Nüfuz Ticareti...Olması gereken bu değilmidir??

bardak

Well-known member
1464117348_8ecf4f0758.jpg

Kıtlık yıllarıydı…
Hz. Ömer dolaşırken, fevkalâde semiz bir deve gördü. Çobanı çağırıp sordu:
“Bu semiz devenin sahibi kim?”
Çoban, “Oğlunuz Abdullah” deyince can evinden vurulmuşa döndü. Çünkü o Ömer’di, adâlet timsali Ömer! Öyle ki, yönettiği insanlar ondan bir metre fazla kumaşın hesabını sorabiliyorlardı.
Oğlu Abdullah’ı buldu:
“En semiz deve seninmiş oğlum, diğerleri bir deri bir kemik, bu nasıl oldu?”
Abdullah makul ve mantıklı gerekçeler sıralamaya başlayınca Hz.
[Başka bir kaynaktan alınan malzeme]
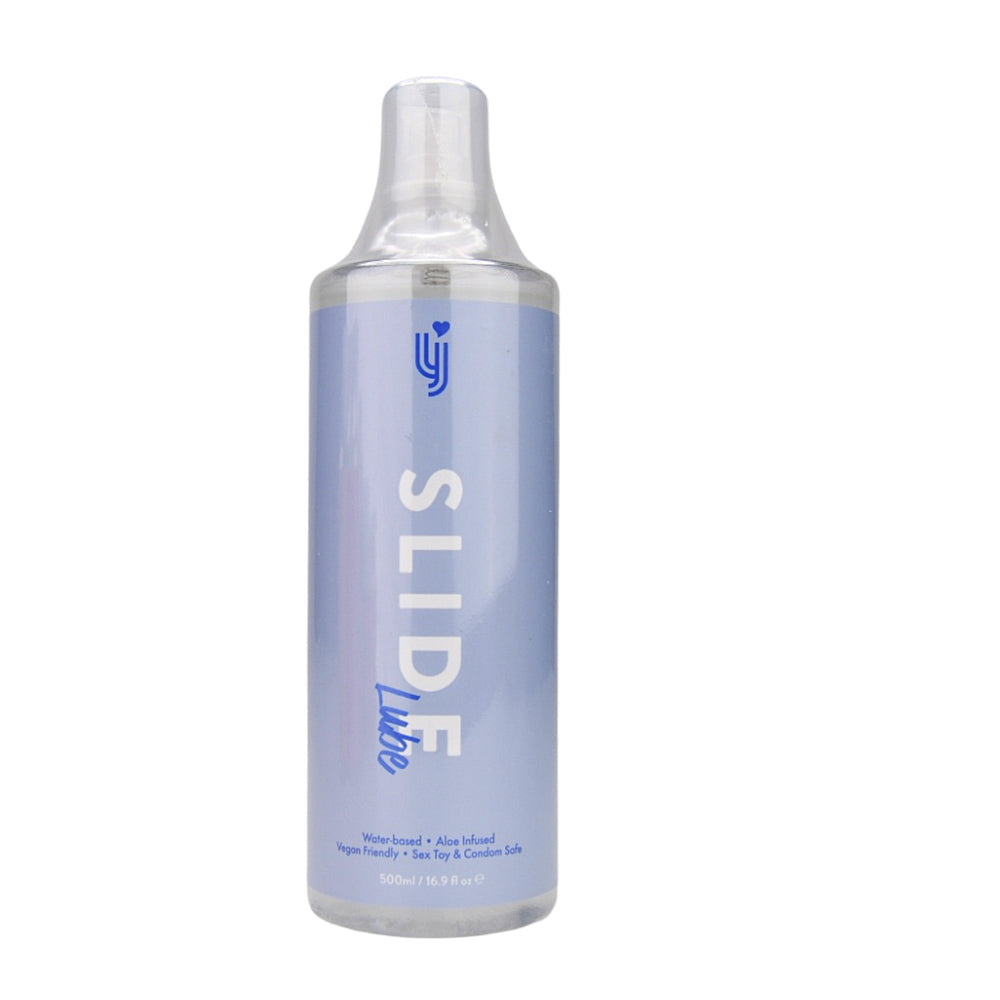 Loving joy slide water based lubricant 500ml aloe extract - lubricant peaches and screams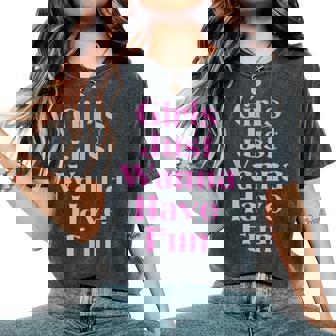 女の子はただ楽しみたいだけ レディースオーバーサイズコンフォートTシャツ - Kawaiitshirt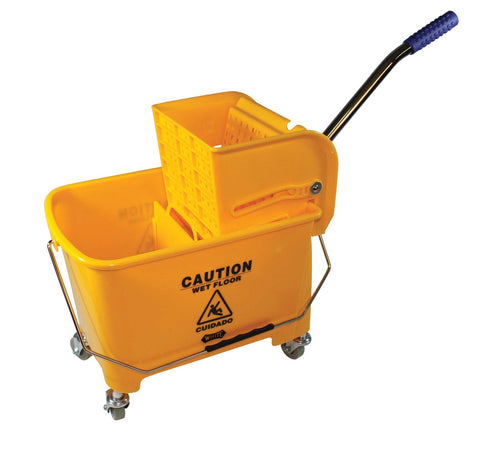 Impact Products Yellow Bucket and Wringer, 21 Quart.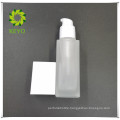 new products empty square frosted pump cap glass cosmetics jar bottle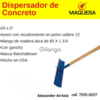 Dispersador de concreto tipo Texas, MARSHALLTOWN USA.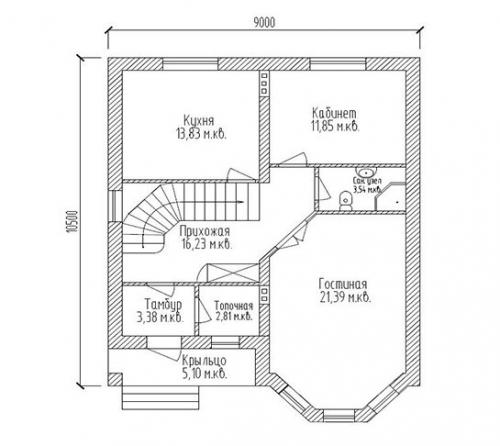 Дом по такому проекту на участке 7 соток продают за 5, 8 млн. 01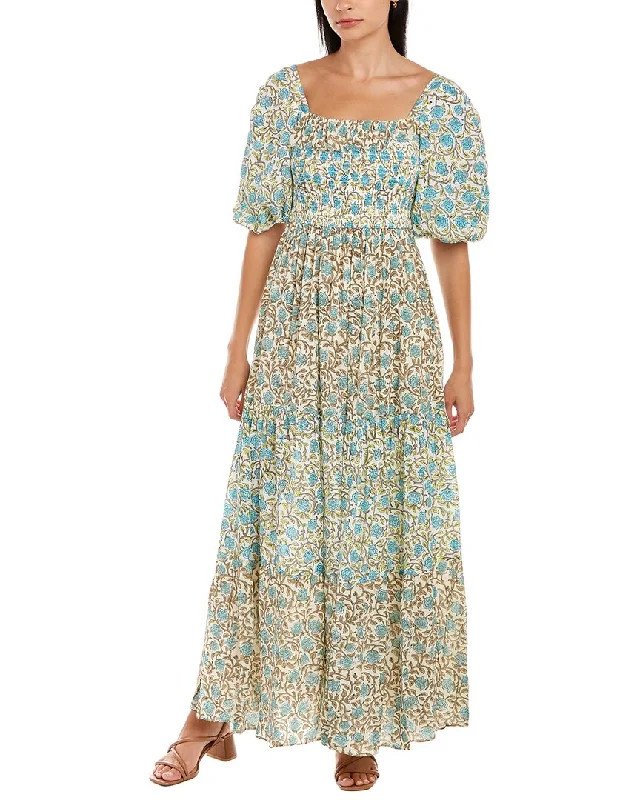 Ash & Eden Happy Maxi Dress Lightweight Fabric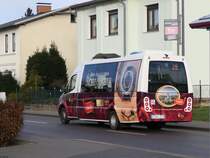 Mercedes Sprinter mit TS-Fahrzeugtechnik Aufbau der VVR in Binz am 15.01.2022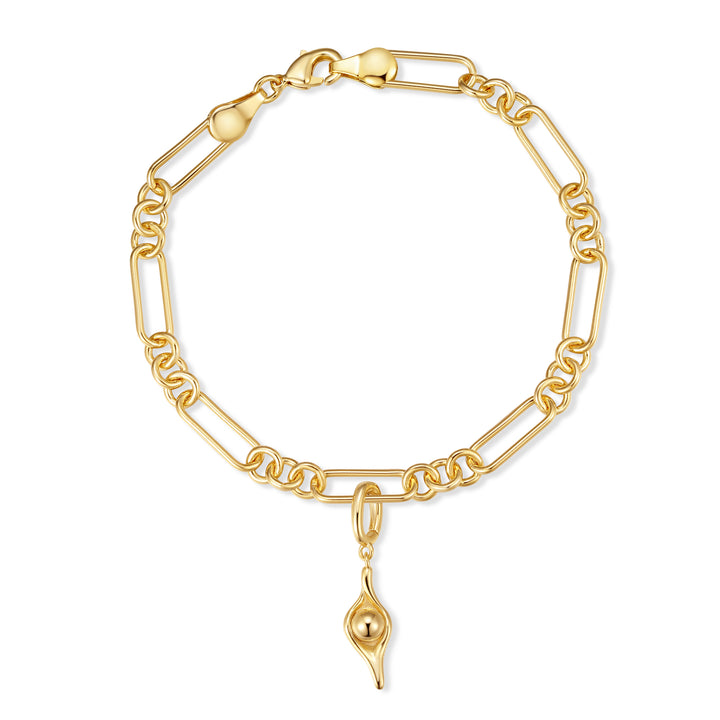 Waterproof Pea in the Pod Charm Bracelet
Ömer bir el hareketiyle oğlunu susturdu:
“Sus ey Abdullah! İşin aslını ben sana anlatayım: Halifenin oğlunun devesidir diye en iyi otları senin devene yedirdiler, en besleyici otların yeşerdiği bölgeyi senin devene ayırdılar.
Sadece senin devene çok iyi baktılar. Şimdi bu deveyi al, sat, ana parayı ayır, kârını hemen bana getir, Beytü’l-Mal’e (devlet hazinesine) devredelim. Çünkü halife unvanı devletindir. Devletin unvanı ile kazanılan para da devlete aittir. Aksi halde nüfuz ticareti yapmış oluruz. Bu da bir nevi helal malı harama dönüştürür.”